_Exercise goal_:
Please copy each line of the records below that holds the word "Novus".

_Records to process_:

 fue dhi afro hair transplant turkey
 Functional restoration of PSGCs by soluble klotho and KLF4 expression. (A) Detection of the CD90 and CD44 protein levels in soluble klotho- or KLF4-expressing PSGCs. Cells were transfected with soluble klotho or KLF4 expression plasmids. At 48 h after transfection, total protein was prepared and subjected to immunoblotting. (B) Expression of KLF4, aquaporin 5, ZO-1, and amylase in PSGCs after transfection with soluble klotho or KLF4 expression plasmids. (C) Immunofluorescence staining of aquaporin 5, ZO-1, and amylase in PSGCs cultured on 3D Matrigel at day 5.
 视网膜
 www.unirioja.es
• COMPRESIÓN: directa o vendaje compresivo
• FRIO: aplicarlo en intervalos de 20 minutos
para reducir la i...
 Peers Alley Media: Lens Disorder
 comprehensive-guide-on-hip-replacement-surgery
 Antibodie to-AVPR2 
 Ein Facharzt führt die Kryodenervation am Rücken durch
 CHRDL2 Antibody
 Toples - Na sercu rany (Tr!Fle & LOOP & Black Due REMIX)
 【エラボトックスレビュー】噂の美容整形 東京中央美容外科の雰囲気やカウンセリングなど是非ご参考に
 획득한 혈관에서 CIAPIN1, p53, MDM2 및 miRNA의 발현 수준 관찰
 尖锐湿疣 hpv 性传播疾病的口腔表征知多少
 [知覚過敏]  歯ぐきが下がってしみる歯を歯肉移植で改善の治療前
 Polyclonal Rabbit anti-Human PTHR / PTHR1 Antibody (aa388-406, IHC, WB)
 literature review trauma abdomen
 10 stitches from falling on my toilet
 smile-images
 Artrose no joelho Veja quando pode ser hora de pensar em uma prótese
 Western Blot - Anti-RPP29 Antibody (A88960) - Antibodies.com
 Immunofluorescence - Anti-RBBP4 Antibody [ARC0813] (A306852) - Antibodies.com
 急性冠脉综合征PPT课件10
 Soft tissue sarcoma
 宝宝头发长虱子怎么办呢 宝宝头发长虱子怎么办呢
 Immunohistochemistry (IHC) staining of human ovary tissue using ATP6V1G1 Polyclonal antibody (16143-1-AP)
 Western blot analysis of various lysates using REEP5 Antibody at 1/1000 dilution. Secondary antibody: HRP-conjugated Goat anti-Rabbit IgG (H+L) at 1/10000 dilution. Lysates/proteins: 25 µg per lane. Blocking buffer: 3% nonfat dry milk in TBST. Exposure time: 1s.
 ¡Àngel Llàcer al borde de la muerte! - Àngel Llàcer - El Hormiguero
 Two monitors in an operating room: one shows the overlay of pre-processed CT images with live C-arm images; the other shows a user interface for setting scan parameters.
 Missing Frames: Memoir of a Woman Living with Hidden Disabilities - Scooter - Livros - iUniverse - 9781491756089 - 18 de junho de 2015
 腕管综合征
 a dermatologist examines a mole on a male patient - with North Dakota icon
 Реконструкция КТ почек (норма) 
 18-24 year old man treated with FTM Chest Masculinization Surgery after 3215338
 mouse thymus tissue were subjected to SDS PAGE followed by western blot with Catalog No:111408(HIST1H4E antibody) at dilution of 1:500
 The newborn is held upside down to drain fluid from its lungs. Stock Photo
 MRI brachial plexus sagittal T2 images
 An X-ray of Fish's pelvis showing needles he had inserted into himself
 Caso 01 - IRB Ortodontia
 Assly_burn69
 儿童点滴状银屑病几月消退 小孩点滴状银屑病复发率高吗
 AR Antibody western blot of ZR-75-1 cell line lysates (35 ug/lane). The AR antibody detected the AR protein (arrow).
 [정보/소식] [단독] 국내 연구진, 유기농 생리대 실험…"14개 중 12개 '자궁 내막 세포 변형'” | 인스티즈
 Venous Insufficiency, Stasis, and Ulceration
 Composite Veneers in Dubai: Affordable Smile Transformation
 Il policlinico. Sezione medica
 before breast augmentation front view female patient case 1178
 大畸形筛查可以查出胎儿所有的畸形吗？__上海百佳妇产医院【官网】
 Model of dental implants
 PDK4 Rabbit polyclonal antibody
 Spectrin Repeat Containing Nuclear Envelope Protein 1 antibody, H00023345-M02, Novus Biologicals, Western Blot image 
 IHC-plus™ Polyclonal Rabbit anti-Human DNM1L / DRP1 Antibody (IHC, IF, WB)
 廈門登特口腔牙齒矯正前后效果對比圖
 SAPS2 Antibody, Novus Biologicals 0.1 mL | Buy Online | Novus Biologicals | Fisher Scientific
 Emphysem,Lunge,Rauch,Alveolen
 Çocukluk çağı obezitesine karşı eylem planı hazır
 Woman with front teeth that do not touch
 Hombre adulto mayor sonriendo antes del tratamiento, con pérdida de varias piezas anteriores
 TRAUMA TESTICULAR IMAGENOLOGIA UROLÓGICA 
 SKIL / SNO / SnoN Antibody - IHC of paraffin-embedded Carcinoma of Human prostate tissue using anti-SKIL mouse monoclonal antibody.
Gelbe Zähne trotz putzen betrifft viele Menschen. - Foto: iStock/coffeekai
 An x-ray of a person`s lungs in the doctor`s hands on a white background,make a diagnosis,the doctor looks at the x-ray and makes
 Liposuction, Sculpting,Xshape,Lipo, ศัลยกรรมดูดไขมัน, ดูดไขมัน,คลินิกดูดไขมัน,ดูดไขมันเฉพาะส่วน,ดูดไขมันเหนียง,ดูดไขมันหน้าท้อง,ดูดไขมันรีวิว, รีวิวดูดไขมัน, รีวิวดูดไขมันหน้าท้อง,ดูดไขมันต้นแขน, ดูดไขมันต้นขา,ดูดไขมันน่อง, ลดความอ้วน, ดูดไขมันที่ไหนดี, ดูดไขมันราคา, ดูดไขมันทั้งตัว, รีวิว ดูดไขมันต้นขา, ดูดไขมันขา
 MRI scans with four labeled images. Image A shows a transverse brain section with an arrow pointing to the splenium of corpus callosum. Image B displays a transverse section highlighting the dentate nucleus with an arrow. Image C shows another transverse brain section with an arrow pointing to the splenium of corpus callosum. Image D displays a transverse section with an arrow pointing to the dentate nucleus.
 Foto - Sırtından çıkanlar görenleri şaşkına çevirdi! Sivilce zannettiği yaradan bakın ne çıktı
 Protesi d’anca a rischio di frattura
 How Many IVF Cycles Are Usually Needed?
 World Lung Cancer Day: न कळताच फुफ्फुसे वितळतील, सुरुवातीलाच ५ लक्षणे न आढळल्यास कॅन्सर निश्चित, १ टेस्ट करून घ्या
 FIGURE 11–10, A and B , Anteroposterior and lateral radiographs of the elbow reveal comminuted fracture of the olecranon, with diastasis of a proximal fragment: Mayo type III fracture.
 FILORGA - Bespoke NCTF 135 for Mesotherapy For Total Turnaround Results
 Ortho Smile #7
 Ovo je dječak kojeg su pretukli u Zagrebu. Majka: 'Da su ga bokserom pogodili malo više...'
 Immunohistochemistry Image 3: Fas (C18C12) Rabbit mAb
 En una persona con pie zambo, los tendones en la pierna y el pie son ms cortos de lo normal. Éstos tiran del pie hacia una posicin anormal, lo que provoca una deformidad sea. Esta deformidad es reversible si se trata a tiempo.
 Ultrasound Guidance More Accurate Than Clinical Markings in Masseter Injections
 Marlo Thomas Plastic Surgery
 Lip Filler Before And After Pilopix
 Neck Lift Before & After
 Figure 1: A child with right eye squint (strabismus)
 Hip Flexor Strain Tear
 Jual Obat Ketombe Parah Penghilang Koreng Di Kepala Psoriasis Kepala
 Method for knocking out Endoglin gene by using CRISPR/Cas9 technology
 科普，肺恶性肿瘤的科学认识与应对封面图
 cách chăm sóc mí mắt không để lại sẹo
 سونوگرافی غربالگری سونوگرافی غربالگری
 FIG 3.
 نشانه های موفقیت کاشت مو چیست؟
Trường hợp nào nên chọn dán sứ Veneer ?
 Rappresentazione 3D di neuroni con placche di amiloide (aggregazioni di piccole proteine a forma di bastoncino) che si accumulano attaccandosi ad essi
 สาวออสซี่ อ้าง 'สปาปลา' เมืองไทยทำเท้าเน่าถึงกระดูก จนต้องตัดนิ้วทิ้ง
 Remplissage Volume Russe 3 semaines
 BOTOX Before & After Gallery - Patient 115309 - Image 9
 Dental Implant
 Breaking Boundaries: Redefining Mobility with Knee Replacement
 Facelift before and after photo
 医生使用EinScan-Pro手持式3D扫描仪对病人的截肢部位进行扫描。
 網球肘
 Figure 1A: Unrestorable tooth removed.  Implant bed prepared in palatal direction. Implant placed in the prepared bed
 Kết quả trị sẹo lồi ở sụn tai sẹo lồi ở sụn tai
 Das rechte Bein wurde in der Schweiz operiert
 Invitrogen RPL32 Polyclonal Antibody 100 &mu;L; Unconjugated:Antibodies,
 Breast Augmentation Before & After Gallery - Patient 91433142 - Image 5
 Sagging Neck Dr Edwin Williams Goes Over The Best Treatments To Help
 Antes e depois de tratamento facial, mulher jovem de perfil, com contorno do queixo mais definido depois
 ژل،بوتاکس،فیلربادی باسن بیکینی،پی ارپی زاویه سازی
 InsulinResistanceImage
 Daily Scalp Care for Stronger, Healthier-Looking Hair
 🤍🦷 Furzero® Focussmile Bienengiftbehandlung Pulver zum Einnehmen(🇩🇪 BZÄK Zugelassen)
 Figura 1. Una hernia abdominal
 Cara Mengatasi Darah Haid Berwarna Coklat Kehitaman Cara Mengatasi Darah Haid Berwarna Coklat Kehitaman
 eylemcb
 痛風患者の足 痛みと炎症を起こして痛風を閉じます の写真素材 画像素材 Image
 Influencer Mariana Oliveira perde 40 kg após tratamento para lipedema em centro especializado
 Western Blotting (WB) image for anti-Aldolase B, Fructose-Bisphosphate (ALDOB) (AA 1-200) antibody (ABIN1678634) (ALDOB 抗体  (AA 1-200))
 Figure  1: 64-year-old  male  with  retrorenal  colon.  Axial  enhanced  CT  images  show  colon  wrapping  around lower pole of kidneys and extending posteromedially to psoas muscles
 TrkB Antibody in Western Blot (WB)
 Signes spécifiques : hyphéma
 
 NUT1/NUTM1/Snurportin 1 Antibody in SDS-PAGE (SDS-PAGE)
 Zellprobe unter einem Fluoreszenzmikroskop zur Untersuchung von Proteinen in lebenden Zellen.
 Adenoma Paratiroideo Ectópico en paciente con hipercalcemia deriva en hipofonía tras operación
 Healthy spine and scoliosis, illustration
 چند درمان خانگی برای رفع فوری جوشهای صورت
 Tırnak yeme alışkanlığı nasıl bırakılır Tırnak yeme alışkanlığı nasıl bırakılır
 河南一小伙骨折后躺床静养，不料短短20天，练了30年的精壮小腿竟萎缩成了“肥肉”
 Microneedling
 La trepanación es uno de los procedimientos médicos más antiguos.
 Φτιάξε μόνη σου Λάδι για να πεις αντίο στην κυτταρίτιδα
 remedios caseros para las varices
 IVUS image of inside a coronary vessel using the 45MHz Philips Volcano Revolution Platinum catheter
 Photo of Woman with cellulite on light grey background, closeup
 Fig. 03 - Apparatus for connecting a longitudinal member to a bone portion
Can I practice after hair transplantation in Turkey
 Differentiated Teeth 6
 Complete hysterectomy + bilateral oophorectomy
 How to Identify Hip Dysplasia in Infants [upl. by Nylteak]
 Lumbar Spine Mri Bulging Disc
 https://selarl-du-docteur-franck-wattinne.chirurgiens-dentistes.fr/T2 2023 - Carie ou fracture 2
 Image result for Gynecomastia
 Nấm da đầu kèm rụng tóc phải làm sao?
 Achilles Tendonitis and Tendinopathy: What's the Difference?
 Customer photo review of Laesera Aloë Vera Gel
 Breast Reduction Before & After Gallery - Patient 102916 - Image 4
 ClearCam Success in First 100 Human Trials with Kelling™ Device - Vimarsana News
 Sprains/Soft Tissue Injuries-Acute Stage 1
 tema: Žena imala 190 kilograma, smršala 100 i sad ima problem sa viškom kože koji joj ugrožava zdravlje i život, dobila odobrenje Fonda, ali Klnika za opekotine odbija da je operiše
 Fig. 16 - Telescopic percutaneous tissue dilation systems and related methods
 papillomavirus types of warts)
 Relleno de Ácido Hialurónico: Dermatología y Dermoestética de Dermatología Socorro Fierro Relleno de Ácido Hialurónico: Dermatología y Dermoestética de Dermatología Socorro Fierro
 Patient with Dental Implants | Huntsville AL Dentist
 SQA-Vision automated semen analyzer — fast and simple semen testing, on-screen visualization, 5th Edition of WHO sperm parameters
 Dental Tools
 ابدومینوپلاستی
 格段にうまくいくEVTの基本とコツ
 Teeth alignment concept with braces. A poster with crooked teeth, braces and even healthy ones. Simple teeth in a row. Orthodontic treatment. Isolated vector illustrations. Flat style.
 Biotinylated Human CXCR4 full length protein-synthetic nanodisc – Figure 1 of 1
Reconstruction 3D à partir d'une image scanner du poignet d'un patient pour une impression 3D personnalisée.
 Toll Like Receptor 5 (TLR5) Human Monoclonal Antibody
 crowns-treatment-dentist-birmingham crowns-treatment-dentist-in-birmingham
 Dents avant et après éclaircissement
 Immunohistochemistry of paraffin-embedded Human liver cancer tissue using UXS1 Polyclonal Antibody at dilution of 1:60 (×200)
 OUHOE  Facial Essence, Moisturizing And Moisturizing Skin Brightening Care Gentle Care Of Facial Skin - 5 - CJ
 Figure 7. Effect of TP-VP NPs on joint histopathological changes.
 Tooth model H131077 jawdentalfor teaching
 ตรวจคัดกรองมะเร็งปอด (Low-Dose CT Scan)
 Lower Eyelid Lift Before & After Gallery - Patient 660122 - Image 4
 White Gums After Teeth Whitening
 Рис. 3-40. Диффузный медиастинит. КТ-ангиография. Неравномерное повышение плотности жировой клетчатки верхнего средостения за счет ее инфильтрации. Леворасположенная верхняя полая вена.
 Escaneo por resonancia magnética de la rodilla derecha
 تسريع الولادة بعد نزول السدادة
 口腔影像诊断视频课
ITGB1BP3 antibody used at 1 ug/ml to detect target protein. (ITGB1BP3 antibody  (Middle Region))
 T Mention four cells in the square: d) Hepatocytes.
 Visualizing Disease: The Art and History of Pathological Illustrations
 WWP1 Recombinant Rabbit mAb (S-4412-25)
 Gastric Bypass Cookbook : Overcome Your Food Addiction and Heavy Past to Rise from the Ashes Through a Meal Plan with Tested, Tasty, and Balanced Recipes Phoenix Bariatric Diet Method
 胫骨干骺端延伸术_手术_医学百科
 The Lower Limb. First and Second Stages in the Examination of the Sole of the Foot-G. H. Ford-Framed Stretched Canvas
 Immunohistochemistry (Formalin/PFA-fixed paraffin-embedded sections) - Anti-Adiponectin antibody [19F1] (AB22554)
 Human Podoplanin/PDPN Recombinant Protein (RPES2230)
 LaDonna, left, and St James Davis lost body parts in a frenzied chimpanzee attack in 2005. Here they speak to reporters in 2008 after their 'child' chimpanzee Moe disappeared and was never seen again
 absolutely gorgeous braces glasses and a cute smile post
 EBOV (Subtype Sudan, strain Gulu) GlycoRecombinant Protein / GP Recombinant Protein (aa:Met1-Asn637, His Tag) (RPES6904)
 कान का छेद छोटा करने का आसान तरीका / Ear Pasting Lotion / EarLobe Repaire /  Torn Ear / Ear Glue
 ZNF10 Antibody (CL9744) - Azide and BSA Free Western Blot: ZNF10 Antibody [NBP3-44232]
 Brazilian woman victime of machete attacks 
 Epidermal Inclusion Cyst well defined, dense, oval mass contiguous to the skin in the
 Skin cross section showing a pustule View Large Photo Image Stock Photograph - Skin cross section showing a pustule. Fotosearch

_Finished exercise_:
 Spectrin Repeat Containing Nuclear Envelope Protein 1 antibody, H00023345-M02, Novus Biologicals, Western Blot image 
 SAPS2 Antibody, Novus Biologicals 0.1 mL | Buy Online | Novus Biologicals | Fisher Scientific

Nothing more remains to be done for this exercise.